The 2026 Winter Olympics are underway, but trouble has already emerged as both Alysa Liu and Breezy Johnson saw their gold medals fall off the ribbons, and the latter’s medal even broke a little. Johnson won the first gold for Team USA in alpine skiing, and Liu won the top podium finish in the team figure skating event.
The couple of incidents left aside, Team USA came as the largest U.S. Winter Olympic team in history, featuring 117 men and 115 women across 16 sports.
Breezy Johnson and Alysa Liu Raise Concern About Medals Breaking at the 2026 Winter Games
Johnson won her first-ever Super-G podium in Crans-Montana in the 2025-26 World Cup season, coming off a back injury. The 30-year-old established her footing for the Olympics ahead, and graced the line-up on the Tofane course as one of the title contenders in speed alongside Lindsey Vonn. She pushed off the gate in sixth and completed the 1.6-mile-long course in the fastest time.
She broke down in tears, raised her arms in celebration, and jumped in joy on the podium with the medal around her neck.

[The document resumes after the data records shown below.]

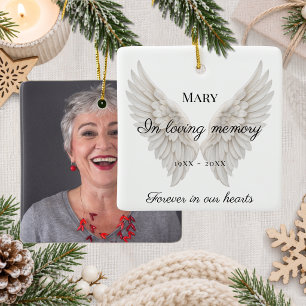 Memorial white angel wings loving memory photo ceramic ornament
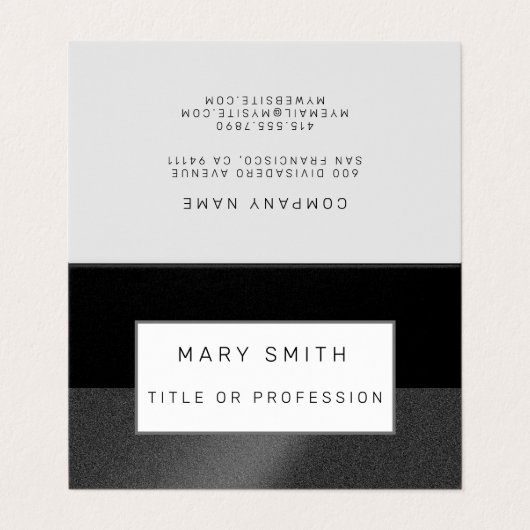 Carte De Visite Silver Black Luxe (Extérieur déplié)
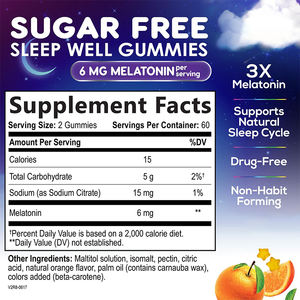 Gummies de mélatonine naturelle pour le sommeil : Contenu personnalisé pour favoriser le sommeil et calmer l'esprit <span class=keywords><strong>sans</strong></span> dépendance aux médicaments - Product Image 6
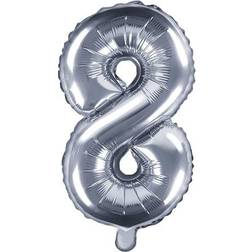 PartyDeco Foil Balloon Number 8 35cm Silver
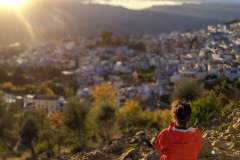 The view of Chefchaouen at sunset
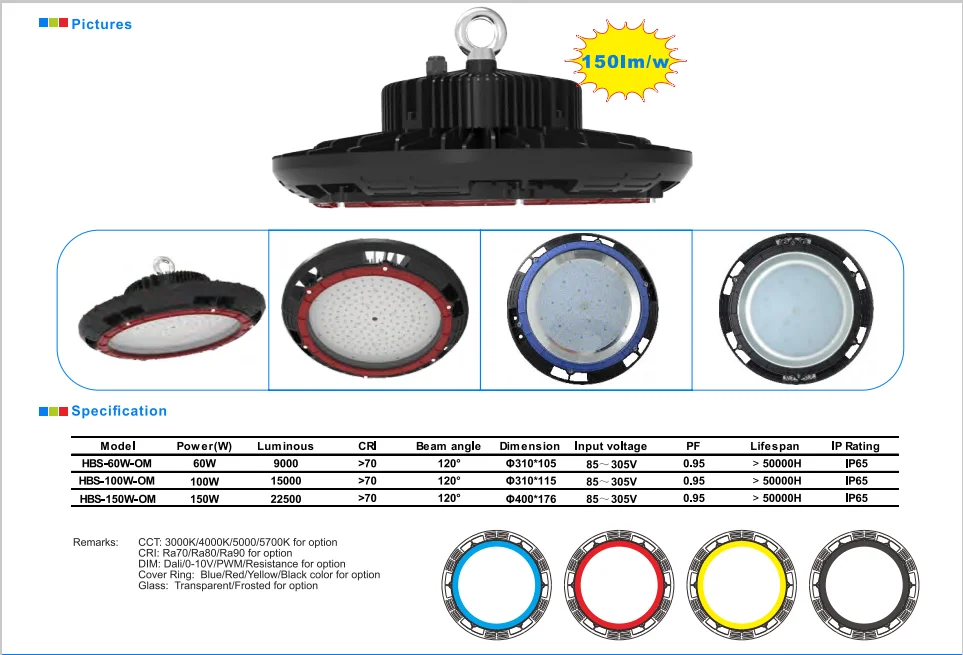 UFO 150lm/w 100w dimmable led high bay - ANKUX.COM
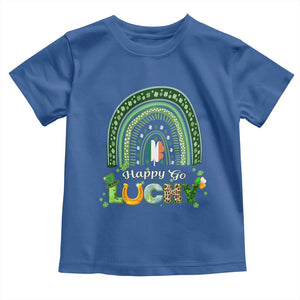 Funny St Patricks Day Toddler T Shirt Happy Go Lucky Shamrock Rainbow TS02 Royal Blue Print Your Wear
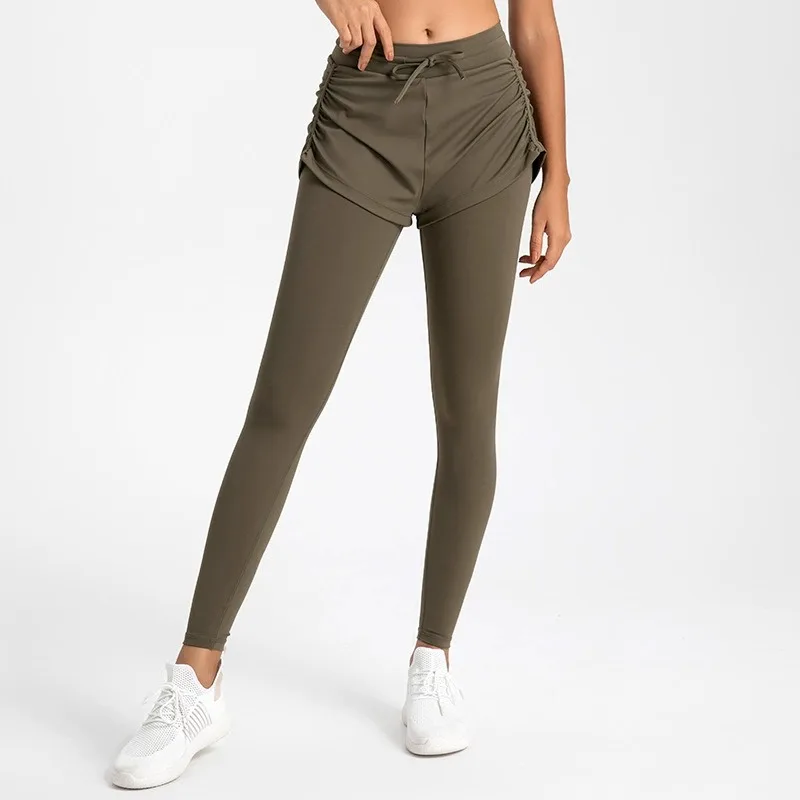 

2025 Autumn Women High Waist Yoga Pants Butt Lift Fake Two Piece Leggings Slim Fit Elastic Gym Running Training Sports Pants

That’s when the groove that attaches the ribbon broke into two. Later, in a press conference, she said:
“I was jumping in excitement, and it broke… I’m sure somebody will fix it. It’s not a crazy broken, it’s a little broken.”

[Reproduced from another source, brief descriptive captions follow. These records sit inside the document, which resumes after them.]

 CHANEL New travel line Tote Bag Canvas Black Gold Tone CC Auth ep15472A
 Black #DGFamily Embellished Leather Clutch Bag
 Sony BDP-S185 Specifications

In another Instagram reel, figure skater Liu, who finished second behind Japan’s Kaori Sakamoto in the women’s short program to help Team USA secure team gold, also showed the condition of her medal after it came off the ribbon. Despite that, she didn’t let it dampen her spirits, taking it in a positive light and captioning:
“My medal don’t need the ribbon.”
She will next be in contention in the women’s short program on Feb. 17, followed by the free skate on Feb. 19.

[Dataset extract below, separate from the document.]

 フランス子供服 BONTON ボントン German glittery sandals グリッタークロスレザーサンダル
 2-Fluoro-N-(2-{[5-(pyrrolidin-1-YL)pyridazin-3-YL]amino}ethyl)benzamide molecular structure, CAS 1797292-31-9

Johnson may find the fix to her medal herself as she has been super crafty in more ways than one. The American skier follows a tradition of knitting special headbands before her races and created a US-themed one, featuring red-and-white diagonal stripes on blue, ahead of the downhill event.
In a later interview, she was asked whether she would reuse it because of the good luck it brought her in Cortina d’Ampezzo. The world medalist dismissed the idea, making it clear that she would need a new one, as the current one would no longer bring her any luck. Johnson was out of action for 14 months following a USADA suspension for whereabouts failure.